Approximately 4 million Fannie and Freddie borrowers owe more on their mortgage than their homes are worth. Across the US, nearly 11 million are underwater, or about 22.5% of all outstanding loans, according to CoreLogic, a data provider to mortgage underwriters. About 2.4 million hold less than 5% equity in their homes.
HARP has changed over time. In October 2011, the Obama Administration announced comprehensive rules for the new HARP, which people in the industry called “HARP 2.0.” In November, the Federal Housing Finance Agency (FHFA) expanded HARP and announced updated guidelines, which are discussed below. On March 19, the start of the automated loan approval systems expanded homeowner's choices in lenders.

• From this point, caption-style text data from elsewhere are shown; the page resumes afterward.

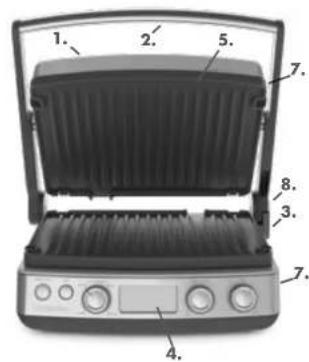 GreenPan CC006587 - BESKRIVELSE AF DELE - 1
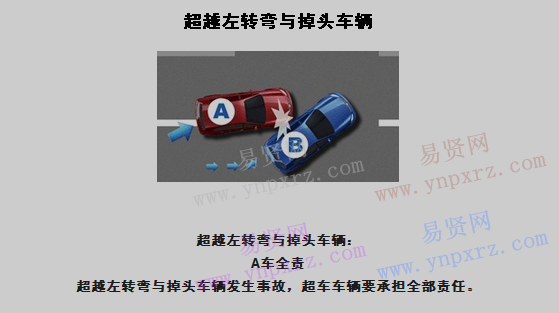 名单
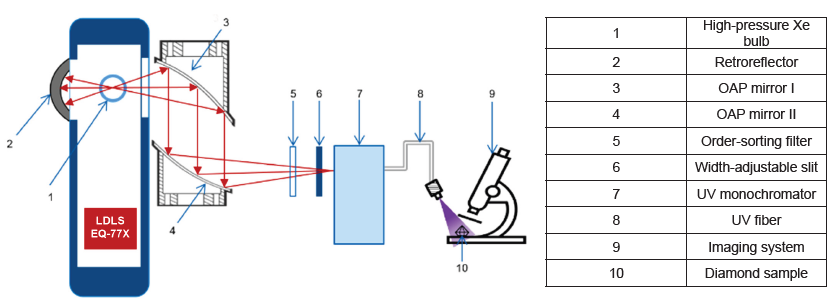 website graph and image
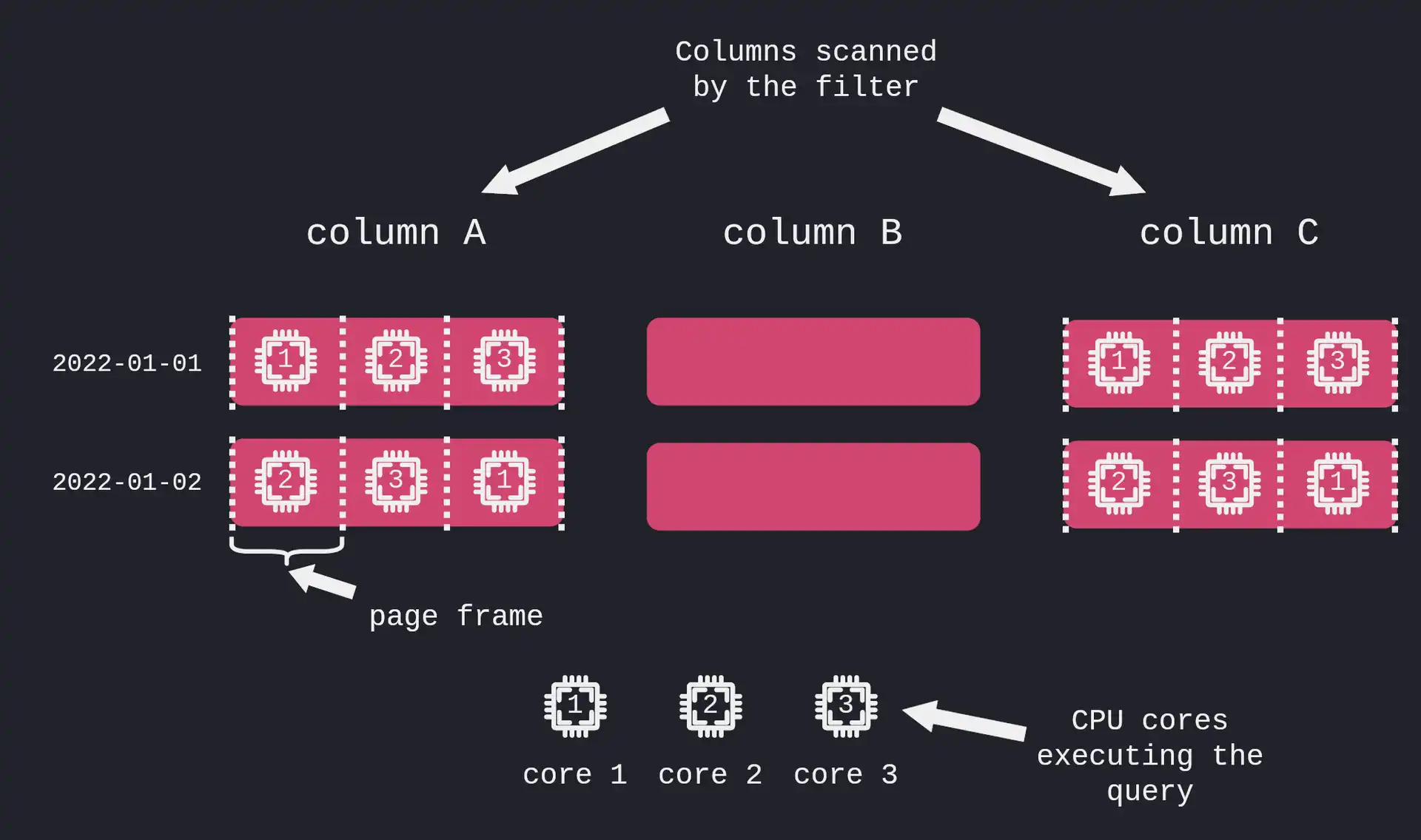 A diagram showing how parallel page frame scanning works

HARP allows homeowners facing difficulties refinancing their mortgage through conventional methods to apply for a refinance of their mortgage. A homeowner that is current with their monthly payments but unable to refinance due to a drop in the value is the typical prime candidate for the HARP program. The ultimate goal is to allow a homeowner to do a mortgage refinance for a lower interest rate and overall monthly payment. Here are the general eligibility guidelines for HARP:
- There is no loan-to-value cap in the new HARP, for fixed-rate loans. This is the most significant change of HARP 2.0. Under previous versions of HARP, the LTV could not exceed 125%.
March 2012 Update: Perhaps the biggest news in the November 2011 announcement by Fannie Mae and Freddie Mac was that HARP 2.0 would allow for unlimited LTV loans. This went into effect in December 2011 for loans processed by the original lender through the manual underwriting systems. With the opening of the automated systems in March 19th the expectation was that lenders would apply these standards to all new HARP loan applications. The big surprise, and disappointment for many, is that some of the lenders have issued stricter guidelines that limit the LTV to the previous HARP 1.0 125% level or lower. Two examples are Quicken Loans and New Penn.
- The loan on your property is owned or guaranteed by Fannie Mae or Freddie Mac (see Fannie or Freddie loan? table below).
- At the time you apply, you are current on your mortgage payments. You can have one 30-day late payment in the past 12 months, but none within the past six months.
You have a reasonable ability to pay the new mortgage payments. Editor’s note: Fannie Mae removed the "reasonable ability to pay" clause.